De fait, la concurrence internationale est rude et les marge de raffinage sous tension. «De tous les facteurs qui font qu’il est difficile de construire des raffineries en Afrique, le risque commercial est le plus important. De grandes quantités de capitaux sont nécessaires sur de longues périodes, alors que la rentabilité globale de raffinage est actuellement précaire. La capacité de raffinage mondiale excessive et des coûts de transport réduits, rendent facile le commerce de produits pétroliers entre les différentes régions du monde», analyse le cabinet de conseil CITAC Africa basé à Londres, spécialiste de l’aval du marché de l’énergie sur le continent dans son étude «Oil Refining in Africa» 2014.

«Je pense qu’actuellement, avec des prix du pétrole aussi bas, et le coût exorbitant du redémarrage de la Samir [ou même d’un investissement dans une nouvelle raffinerie, ndlr] il est impossible qu’une raffinerie au Maroc puisse produire des carburants moins cher que celui qui est importé. Il est très difficile pour une petite raffinerie africaine comme marocaine d’être concurrentielle face aux pays du Golfe qui réalisent de fortes économies d’échelle en raffinant les grandes quantités de pétrole qu’ils exportent», analyse Celeste Hicks, auteure de Africa’s New Oil.

Utilité d'une raffinerie ?

Qu’arriverait-il alors si le Maroc renonçait à toute raffinerie ? «Depuis août, le marché de la distribution n’a pas connu de perturbation, pas de tension sur les prix parce que les distributeurs ont investi à temps dans de nouvelles capacités de stockage, alors que la Samir fournissait 65% du marché national en carburant», rappelle Hicham El Moussaoui. Il n’y a eu aucune pénurie de carburant, aucune hausse des prix.

«Depuis la fermeture de la Samir, le ministère de l’Energie et des mines nous oblige à disposer d’un stock minimal de 30 jours, précisait en décembre 2015 Adil Ziadi, président du Groupement des pétroliers du Maroc. Auparavant, les subventions aux carburants constituaient un fardeau que nous supportions, aujourd’hui il a été transféré sur les obligations de stockage. »

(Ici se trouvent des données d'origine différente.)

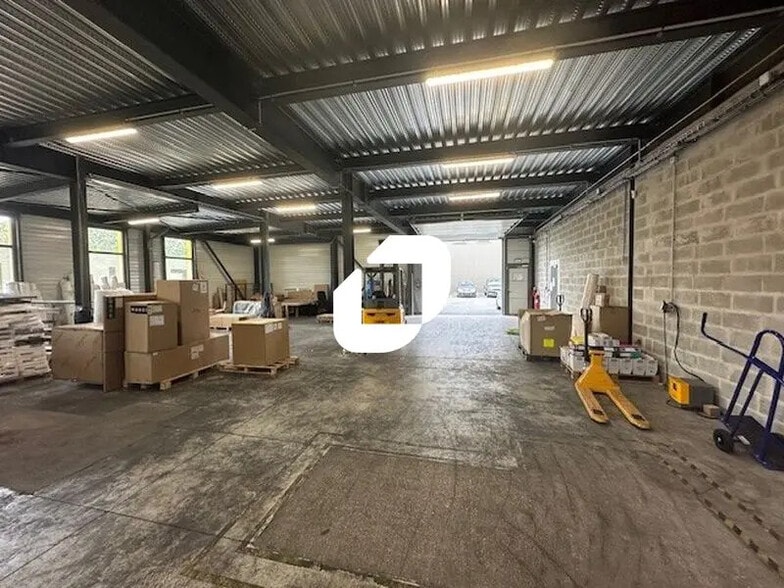 Bureau dans Tremblay-en-France à louer - Photo de l’immeuble – Image 3 sur 8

«Les distributeurs ont transformé une crise – parce que Mohamed Al Amoudi [PDG de la Samir, ndlr] a clairement tenté un ‘coup’ en arrêtant la production de la Samir pour perturber le marché et faire pression sur l’Etat – en une opportunité. Finalement, le marché est fourni en carburant en meilleure qualité et moins cher. Donc, le Maroc n’a pas forcément besoin d’une raffinerie pour l’approvisionnement du marché », conclut Hicham El Moussaoui.

Difficilement rentable, inutile à l’approvisionnement national en hydrocarbures, le Maroc pourrait maintenir une activité de raffinage coûte que coûte pour des raisons stratégiques mais aussi industrielles. «A-t-on envie de développer l’industrie pétrolière, chimique et para-chimique qui sont très liées dans la perspective de l’industrialisation du Maroc ? Dans ce cas, il y aurait la création d’une valeur ajoutée, et d’activité pour toute une chaîne de valeur. Si on est dans cette perspective, alors il peut être intéressant de conserver une raffinerie au Maroc», remarque Hicham El Moussaoui.